Objective: Activated protein C resistance is a genetic disorder that predisposes to thrombosis. Hyperestrogenism strongly increases the risk of thrombosis in affected individuals. Other thrombophilic disorders, such as the antiphospholipid antibody syndrome, have been associated with adverse pregnancy outcome, probably mediated by abnormal clotting in the placental circulation. The purpose of this series is to present clinical and laboratory data on individuals with a poor obstetric history and activated protein C resistance.

Study design: Within an 18-month period seven patients with more than five early pregnancy losses, recurrent intrauterine fetal deaths, intrauterine growth restriction, and early severe preeclampsia in association with activated protein C resistance came to our attention. The initial diagnosis was made by activated protein C ratios, and molecular diagnoses of activated protein C resistance genotypes were made by polymerase chain reaction for the factor V Leiden mutation. All patients had an extensive diagnostic workup for known etiologies of the above complications and other thrombophilic disorders.

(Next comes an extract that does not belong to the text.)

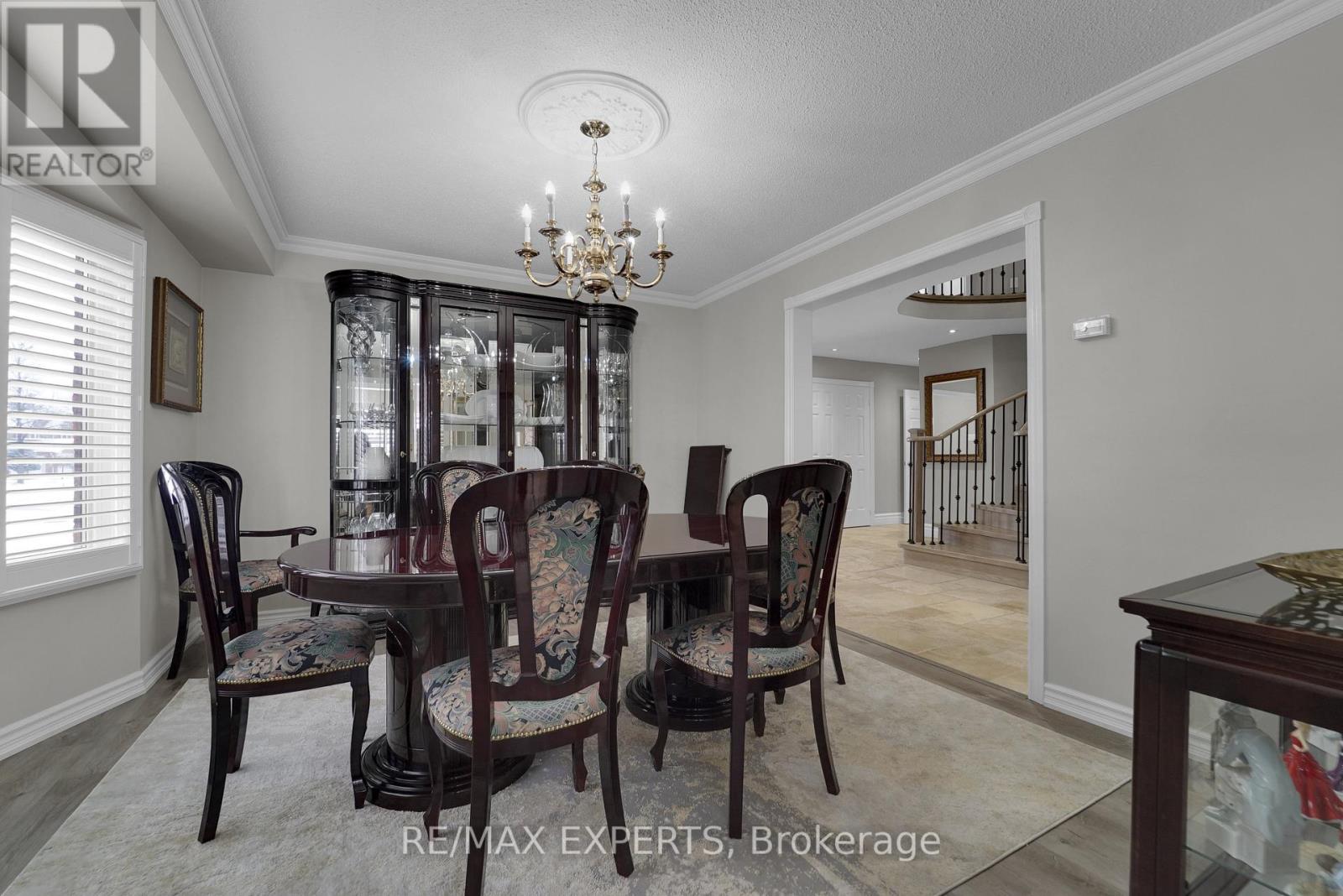 8 Chickadee Crescent, Brampton, Ontario  L6Z 3L5 - Photo 23 - W13088974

Results: All patients had activated protein C ratios <1.7. Six patients were heterozygous for the Leiden mutation, and one patient was homozygous. A personal or family history of thromboembolism was present in one case and three cases, respectively. The diagnostic workup was otherwise unrevealing. One newborn was diagnosed of bilateral renal vein thrombosis on day 1 of life.

Conclusions: Activated protein C resistance was found in association with extremely poor obstetric outcomes. A family or personal history of thromboembolism was suggestive in many cases. A population-based study is needed to determine the role of activated protein C resistance in adverse pregnancy outcome.